Data section:
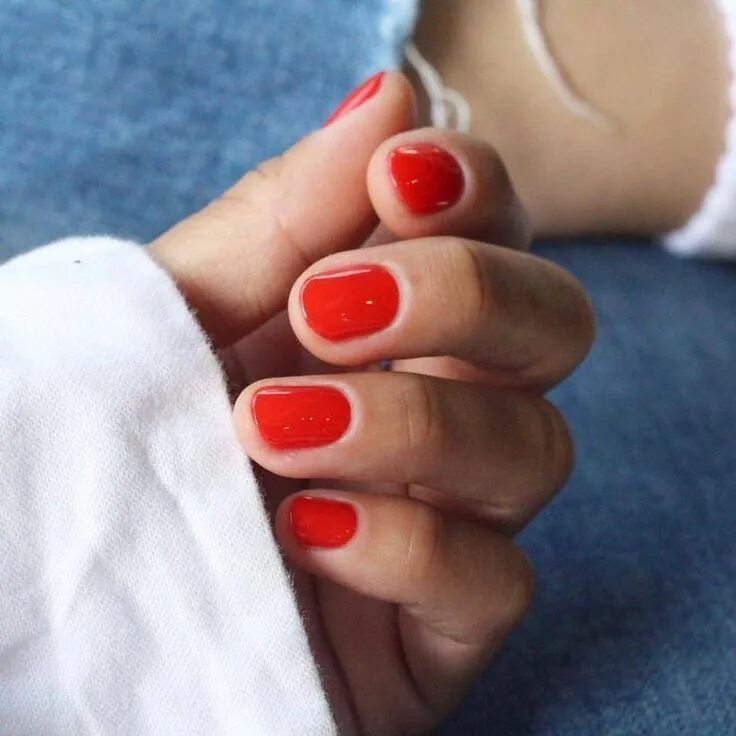 Почему красный маникюр Isabelle Walsh POLISH Red nails, Pretty nails, Nails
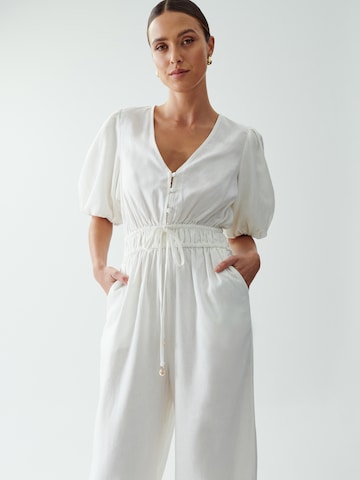 The Fated Jumpsuit 'PROUD' in White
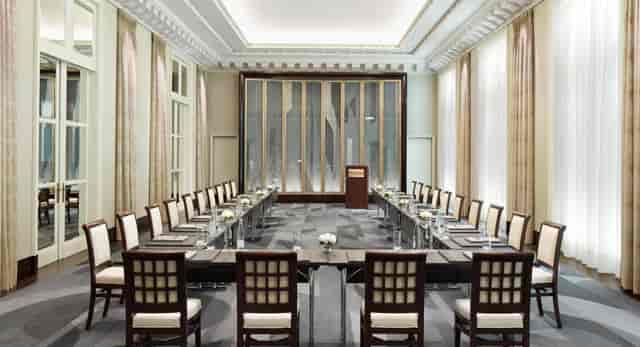 Etoile Ballroom in The Peninsular Paris, U-shaped meeting room for professional events.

Problem statement:
Exact copy, pictures removed: set down the whole listing above.

Task answer:
 Почему красный маникюр Isabelle Walsh POLISH Red nails, Pretty nails, Nails
 The Fated Jumpsuit 'PROUD' in White
 Etoile Ballroom in The Peninsular Paris, U-shaped meeting room for professional events.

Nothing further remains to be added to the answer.